—Uno o dos. A veces, cuando subo la colina, veo alguno, iluminado por los faros.
—Vaya. Es muy salvaje. Nunca he visto un lince rojo.
Se quedaron en silencio unos instantes. Gurney estaba a punto de preguntarle en qué estaba pensando cuando Kyle continuó: —¿De verdad crees que hay más cosas en el caso del Buen Pastor de lo que la gente cree?
—Podría ser.
—Parecías bastante seguro al teléfono.
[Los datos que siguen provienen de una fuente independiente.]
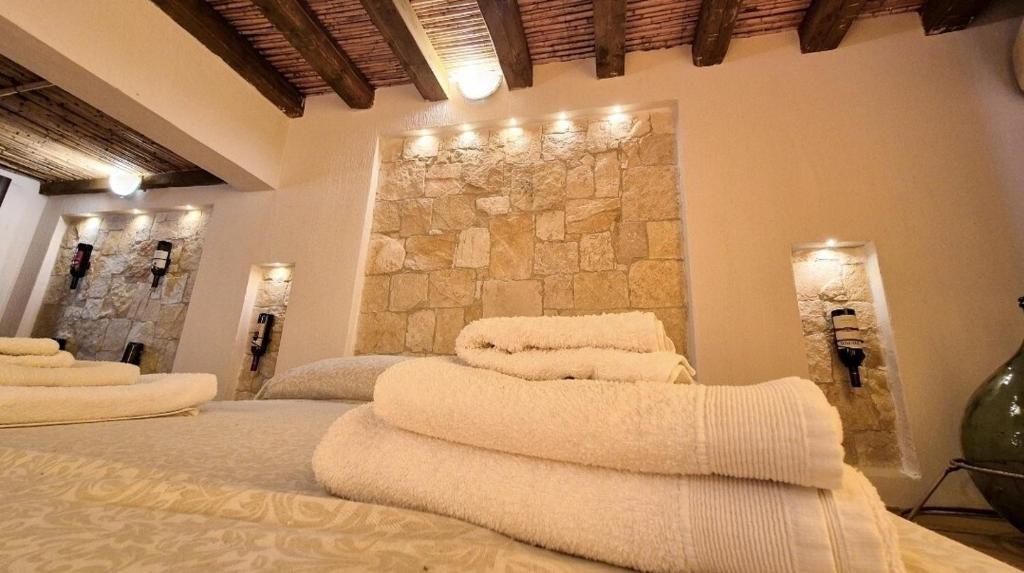 a room with three beds with towels on them at Borgo Antico - Barrique Studio in Lotzorai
Creo que eso es lo que ha molestado tanto a Kim.
—Sí, bueno…
—¿Qué crees que se le ha pasado por alto a todo el mundo?
—¿Cuánto sabes del caso?
—Como te he dicho antes de cenar, todo. Al menos todo lo que salió en la tele.
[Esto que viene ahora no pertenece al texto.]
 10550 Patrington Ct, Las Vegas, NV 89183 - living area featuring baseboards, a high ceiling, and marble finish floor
Gurney negó con la cabeza en la oscuridad.
—Tiene gracia, no recuerdo que estuvieras tan interesado.
—Bueno, lo estaba. Pero no hay razón para que lo recordaras. O sea, nunca estabas allí.
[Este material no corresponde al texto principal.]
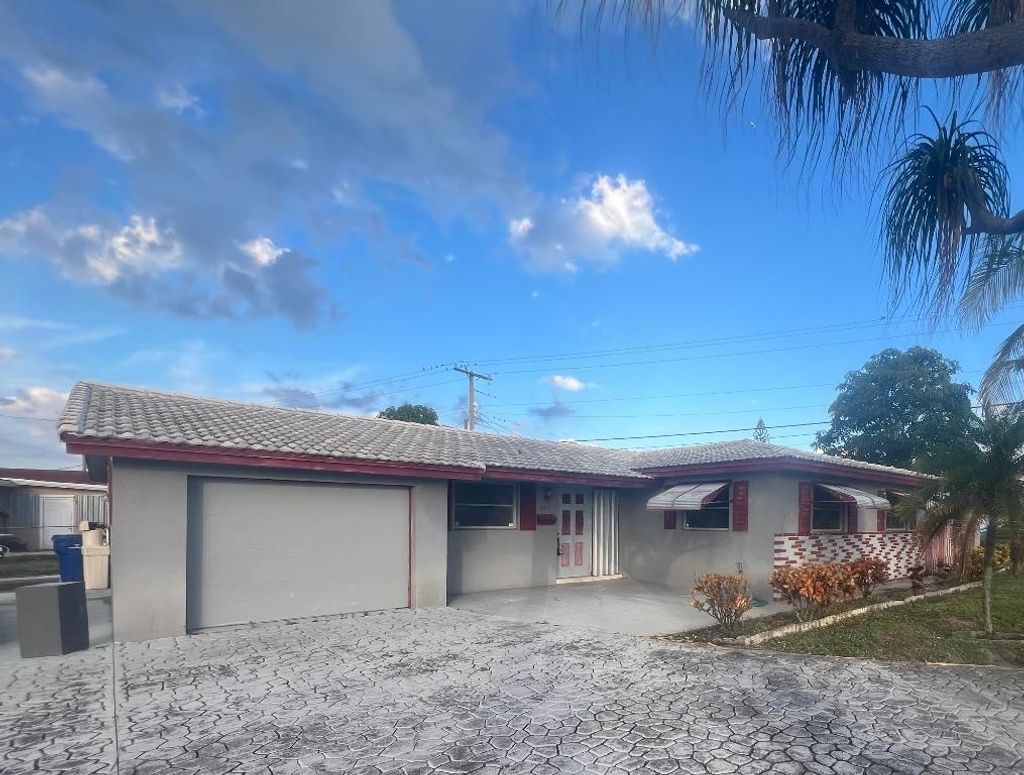 Photo of 490 W 31st Street, Riviera Beach, FL 33404 (MLS # R11147708)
—Estaba cuando venías los fines de semana. Al menos los domingos.
—Estabas físicamente, pero siempre parecías…, no sé, como si tu cabeza te mantuviera atado a algo importante.
—Y… supongo que… después de que te liaras con Stacey Marx… no venías cada fin de semana.
—No, supongo que no.
—Después de que rompieras, ¿mantuviste el contacto con ella?
—¿Nunca te lo conté?
—Creo que no.
—Stacey se enganchó a las drogas. Entraba y salía de rehabilitación. Bastante hecha polvo, la verdad. La vi en la boda de Eddie Burke. ¿Te acuerdas de Eddie Burke?
—Más o menos. ¿El chico pelirrojo?
—No, ese era su hermano Jimmy. No importa. Stacey está fatal.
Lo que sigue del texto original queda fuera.